=== Try it ===
Nothing should be left out: output all of the entries exactly.

=== Listed records ===
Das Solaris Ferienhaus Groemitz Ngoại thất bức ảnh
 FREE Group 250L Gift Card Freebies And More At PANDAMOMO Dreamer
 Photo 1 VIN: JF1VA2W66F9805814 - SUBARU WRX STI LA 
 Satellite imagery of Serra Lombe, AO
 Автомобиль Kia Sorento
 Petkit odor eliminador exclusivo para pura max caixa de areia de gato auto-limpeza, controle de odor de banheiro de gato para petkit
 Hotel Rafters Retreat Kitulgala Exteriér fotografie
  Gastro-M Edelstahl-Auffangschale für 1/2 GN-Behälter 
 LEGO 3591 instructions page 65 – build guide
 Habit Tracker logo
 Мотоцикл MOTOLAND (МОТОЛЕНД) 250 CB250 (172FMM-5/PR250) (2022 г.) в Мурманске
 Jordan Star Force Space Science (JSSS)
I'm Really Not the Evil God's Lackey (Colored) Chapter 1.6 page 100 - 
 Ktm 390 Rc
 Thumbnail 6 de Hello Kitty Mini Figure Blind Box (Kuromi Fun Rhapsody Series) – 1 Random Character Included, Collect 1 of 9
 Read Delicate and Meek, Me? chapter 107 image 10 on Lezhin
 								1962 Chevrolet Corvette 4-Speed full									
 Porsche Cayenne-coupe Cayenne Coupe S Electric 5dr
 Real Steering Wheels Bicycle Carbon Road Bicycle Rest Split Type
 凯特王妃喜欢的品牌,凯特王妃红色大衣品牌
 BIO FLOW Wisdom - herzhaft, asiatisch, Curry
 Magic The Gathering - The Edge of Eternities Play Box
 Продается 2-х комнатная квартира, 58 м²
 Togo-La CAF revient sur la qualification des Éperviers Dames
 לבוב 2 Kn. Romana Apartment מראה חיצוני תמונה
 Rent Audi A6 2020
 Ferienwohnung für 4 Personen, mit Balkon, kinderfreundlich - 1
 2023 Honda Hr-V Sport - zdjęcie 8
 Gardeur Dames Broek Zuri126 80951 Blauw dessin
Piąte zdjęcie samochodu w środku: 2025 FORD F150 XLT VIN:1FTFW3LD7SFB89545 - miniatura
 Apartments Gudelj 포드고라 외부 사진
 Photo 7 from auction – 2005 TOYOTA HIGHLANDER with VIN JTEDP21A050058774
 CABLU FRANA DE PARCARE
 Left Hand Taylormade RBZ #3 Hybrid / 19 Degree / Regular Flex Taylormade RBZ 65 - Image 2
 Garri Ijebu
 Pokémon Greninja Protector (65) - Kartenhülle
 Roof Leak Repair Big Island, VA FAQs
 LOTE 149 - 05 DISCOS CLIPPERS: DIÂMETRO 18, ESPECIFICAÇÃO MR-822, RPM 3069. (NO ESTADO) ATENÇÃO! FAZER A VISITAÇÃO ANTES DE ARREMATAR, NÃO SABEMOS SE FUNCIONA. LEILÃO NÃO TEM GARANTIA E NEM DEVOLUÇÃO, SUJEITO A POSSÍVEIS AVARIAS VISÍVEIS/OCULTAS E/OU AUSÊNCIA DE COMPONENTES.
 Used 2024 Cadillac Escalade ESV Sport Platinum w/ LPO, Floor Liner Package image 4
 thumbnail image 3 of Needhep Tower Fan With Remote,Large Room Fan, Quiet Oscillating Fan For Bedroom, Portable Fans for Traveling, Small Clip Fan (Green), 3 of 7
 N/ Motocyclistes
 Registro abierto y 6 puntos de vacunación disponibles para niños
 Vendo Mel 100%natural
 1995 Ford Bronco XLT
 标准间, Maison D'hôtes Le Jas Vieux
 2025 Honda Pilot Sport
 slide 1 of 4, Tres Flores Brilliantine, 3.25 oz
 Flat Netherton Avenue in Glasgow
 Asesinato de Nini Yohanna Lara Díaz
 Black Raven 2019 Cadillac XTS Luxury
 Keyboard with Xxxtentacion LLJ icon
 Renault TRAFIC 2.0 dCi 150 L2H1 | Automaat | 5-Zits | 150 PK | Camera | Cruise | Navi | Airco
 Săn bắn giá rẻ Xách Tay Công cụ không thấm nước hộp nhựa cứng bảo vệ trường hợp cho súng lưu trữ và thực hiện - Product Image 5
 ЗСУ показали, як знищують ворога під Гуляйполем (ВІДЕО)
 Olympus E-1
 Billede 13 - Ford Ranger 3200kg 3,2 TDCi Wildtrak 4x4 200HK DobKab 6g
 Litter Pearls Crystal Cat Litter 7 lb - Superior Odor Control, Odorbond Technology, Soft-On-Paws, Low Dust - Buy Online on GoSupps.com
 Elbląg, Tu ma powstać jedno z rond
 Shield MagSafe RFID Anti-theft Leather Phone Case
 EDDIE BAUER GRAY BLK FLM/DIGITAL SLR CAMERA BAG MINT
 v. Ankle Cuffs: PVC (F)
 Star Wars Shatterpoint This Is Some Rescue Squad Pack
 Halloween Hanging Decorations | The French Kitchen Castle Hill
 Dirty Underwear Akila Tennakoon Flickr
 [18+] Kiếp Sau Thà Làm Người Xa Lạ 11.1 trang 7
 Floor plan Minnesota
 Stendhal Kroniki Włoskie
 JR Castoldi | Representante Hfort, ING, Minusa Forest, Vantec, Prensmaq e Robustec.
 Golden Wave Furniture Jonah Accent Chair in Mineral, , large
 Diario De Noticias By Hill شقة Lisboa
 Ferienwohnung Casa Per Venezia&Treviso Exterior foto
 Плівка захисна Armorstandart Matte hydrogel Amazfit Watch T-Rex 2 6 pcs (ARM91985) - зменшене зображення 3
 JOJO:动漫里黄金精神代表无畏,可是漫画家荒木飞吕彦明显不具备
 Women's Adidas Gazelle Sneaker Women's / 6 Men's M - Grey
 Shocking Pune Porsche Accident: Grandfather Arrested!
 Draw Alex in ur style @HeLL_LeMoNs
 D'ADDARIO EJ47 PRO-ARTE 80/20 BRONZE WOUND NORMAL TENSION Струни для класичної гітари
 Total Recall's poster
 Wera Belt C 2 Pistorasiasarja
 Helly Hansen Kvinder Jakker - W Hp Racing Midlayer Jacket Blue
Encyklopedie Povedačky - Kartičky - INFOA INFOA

=== Written answer ===
Das Solaris Ferienhaus Groemitz Ngoại thất bức ảnh
 FREE Group 250L Gift Card Freebies And More At PANDAMOMO Dreamer
 Photo 1 VIN: JF1VA2W66F9805814 - SUBARU WRX STI LA 
 Satellite imagery of Serra Lombe, AO
 Автомобиль Kia Sorento
 Petkit odor eliminador exclusivo para pura max caixa de areia de gato auto-limpeza, controle de odor de banheiro de gato para petkit
 Hotel Rafters Retreat Kitulgala Exteriér fotografie
  Gastro-M Edelstahl-Auffangschale für 1/2 GN-Behälter 
 LEGO 3591 instructions page 65 – build guide
 Habit Tracker logo
 Мотоцикл MOTOLAND (МОТОЛЕНД) 250 CB250 (172FMM-5/PR250) (2022 г.) в Мурманске
 Jordan Star Force Space Science (JSSS)
I'm Really Not the Evil God's Lackey (Colored) Chapter 1.6 page 100 - 
 Ktm 390 Rc
 Thumbnail 6 de Hello Kitty Mini Figure Blind Box (Kuromi Fun Rhapsody Series) – 1 Random Character Included, Collect 1 of 9
 Read Delicate and Meek, Me? chapter 107 image 10 on Lezhin
 								1962 Chevrolet Corvette 4-Speed full									
 Porsche Cayenne-coupe Cayenne Coupe S Electric 5dr
 Real Steering Wheels Bicycle Carbon Road Bicycle Rest Split Type
 凯特王妃喜欢的品牌,凯特王妃红色大衣品牌
 BIO FLOW Wisdom - herzhaft, asiatisch, Curry
 Magic The Gathering - The Edge of Eternities Play Box
 Продается 2-х комнатная квартира, 58 м²
 Togo-La CAF revient sur la qualification des Éperviers Dames
 לבוב 2 Kn. Romana Apartment מראה חיצוני תמונה
 Rent Audi A6 2020
 Ferienwohnung für 4 Personen, mit Balkon, kinderfreundlich - 1
 2023 Honda Hr-V Sport - zdjęcie 8
 Gardeur Dames Broek Zuri126 80951 Blauw dessin
Piąte zdjęcie samochodu w środku: 2025 FORD F150 XLT VIN:1FTFW3LD7SFB89545 - miniatura
 Apartments Gudelj 포드고라 외부 사진
 Photo 7 from auction – 2005 TOYOTA HIGHLANDER with VIN JTEDP21A050058774
 CABLU FRANA DE PARCARE
 Left Hand Taylormade RBZ #3 Hybrid / 19 Degree / Regular Flex Taylormade RBZ 65 - Image 2
 Garri Ijebu
 Pokémon Greninja Protector (65) - Kartenhülle
 Roof Leak Repair Big Island, VA FAQs
 LOTE 149 - 05 DISCOS CLIPPERS: DIÂMETRO 18, ESPECIFICAÇÃO MR-822, RPM 3069. (NO ESTADO) ATENÇÃO! FAZER A VISITAÇÃO ANTES DE ARREMATAR, NÃO SABEMOS SE FUNCIONA. LEILÃO NÃO TEM GARANTIA E NEM DEVOLUÇÃO, SUJEITO A POSSÍVEIS AVARIAS VISÍVEIS/OCULTAS E/OU AUSÊNCIA DE COMPONENTES.
 Used 2024 Cadillac Escalade ESV Sport Platinum w/ LPO, Floor Liner Package image 4
 thumbnail image 3 of Needhep Tower Fan With Remote,Large Room Fan, Quiet Oscillating Fan For Bedroom, Portable Fans for Traveling, Small Clip Fan (Green), 3 of 7
 N/ Motocyclistes
 Registro abierto y 6 puntos de vacunación disponibles para niños
 Vendo Mel 100%natural
 1995 Ford Bronco XLT
 标准间, Maison D'hôtes Le Jas Vieux
 2025 Honda Pilot Sport
 slide 1 of 4, Tres Flores Brilliantine, 3.25 oz
 Flat Netherton Avenue in Glasgow
 Asesinato de Nini Yohanna Lara Díaz
 Black Raven 2019 Cadillac XTS Luxury
 Keyboard with Xxxtentacion LLJ icon
 Renault TRAFIC 2.0 dCi 150 L2H1 | Automaat | 5-Zits | 150 PK | Camera | Cruise | Navi | Airco
 Săn bắn giá rẻ Xách Tay Công cụ không thấm nước hộp nhựa cứng bảo vệ trường hợp cho súng lưu trữ và thực hiện - Product Image 5
 ЗСУ показали, як знищують ворога під Гуляйполем (ВІДЕО)
 Olympus E-1
 Billede 13 - Ford Ranger 3200kg 3,2 TDCi Wildtrak 4x4 200HK DobKab 6g
 Litter Pearls Crystal Cat Litter 7 lb - Superior Odor Control, Odorbond Technology, Soft-On-Paws, Low Dust - Buy Online on GoSupps.com
 Elbląg, Tu ma powstać jedno z rond
 Shield MagSafe RFID Anti-theft Leather Phone Case
 EDDIE BAUER GRAY BLK FLM/DIGITAL SLR CAMERA BAG MINT
 v. Ankle Cuffs: PVC (F)
 Star Wars Shatterpoint This Is Some Rescue Squad Pack
 Halloween Hanging Decorations | The French Kitchen Castle Hill
 Dirty Underwear Akila Tennakoon Flickr
 [18+] Kiếp Sau Thà Làm Người Xa Lạ 11.1 trang 7
 Floor plan Minnesota
 Stendhal Kroniki Włoskie
 JR Castoldi | Representante Hfort, ING, Minusa Forest, Vantec, Prensmaq e Robustec.
 Golden Wave Furniture Jonah Accent Chair in Mineral, , large
 Diario De Noticias By Hill شقة Lisboa
 Ferienwohnung Casa Per Venezia&Treviso Exterior foto
 Плівка захисна Armorstandart Matte hydrogel Amazfit Watch T-Rex 2 6 pcs (ARM91985) - зменшене зображення 3
 JOJO:动漫里黄金精神代表无畏,可是漫画家荒木飞吕彦明显不具备
 Women's Adidas Gazelle Sneaker Women's / 6 Men's M - Grey
 Shocking Pune Porsche Accident: Grandfather Arrested!
 Draw Alex in ur style @HeLL_LeMoNs
 D'ADDARIO EJ47 PRO-ARTE 80/20 BRONZE WOUND NORMAL TENSION Струни для класичної гітари
 Total Recall's poster
 Wera Belt C 2 Pistorasiasarja
 Helly Hansen Kvinder Jakker - W Hp Racing Midlayer Jacket Blue
Encyklopedie Povedačky - Kartičky - INFOA INFOA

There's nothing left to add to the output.